The Little Rock School District takeover: Is transparency in peril? | Arkansas Blog

Monday, February 2, 2015

The Little Rock School District takeover: Is transparency in peril?

Posted By on Mon, Feb 2, 2015 at 3:42 PM

I've written in recent days about the hiring by the Walton Family Foundation and the Rockefeller Foundation of the Boston Consulting Group to advise on a school initiative. That will include next week BCG visits to 46 Little Rock schools in one day for focus groups. I'd hate to see the bill for that consulting.

What's in the works? So far, I have no answers from the Walton Family Foundation or the Rockefeller Foundation. But history tells us the consulting group has worked in other cities and invariably has recommended heavy privatization as a cure to presumed woes.

Today, a member of a group in Philadelphia that fought to preserve local control of the schools sent me a web item about a three-year legal battle to get records about BCG's recommendations there, which included many unpopular school closings and mass charter utilization.

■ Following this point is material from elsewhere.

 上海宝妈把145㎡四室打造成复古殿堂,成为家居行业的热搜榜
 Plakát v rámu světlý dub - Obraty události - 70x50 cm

I'm not saying this is about to happen in Little Rock. But private foundation funding, BCG's employment, the demonstrated interest of the backers in upending a traditional school district and the Walton Foundation's demonstrated interest in charter schools — along with increasing opaqueness about what's going on in Little Rock — all sound similar to the Philadelphia story.

In 2012, the Boston Consulting Group came under intense criticism for a controversial plan that promoted school closings, massive charter expansion, and privatization of key functions within the District. Under its multimillion-dollar contract with the William Penn Foundation, BCG agreed to provide the foundation with a number of “contract deliverables,” one of which was identifying schools for closure.

In court proceedings regarding our case, the District sought to make a troubling, and fortunately unsuccessful, argument that “certain stakeholders and members of the philanthropic community” ought to have special access to information denied to the public – a move that we think is closely akin to pay-to-play.

We argued that large donors, such as former William Penn Foundation president Jeremy Nowak, had special access to school-closing documents and to District officials. An Ethics Board investigation later found that Nowak did have private meetings with District officials and reviewed and commented on draft reports.

Who's met with who in Arkansas, you wonder? And when? And to discuss what?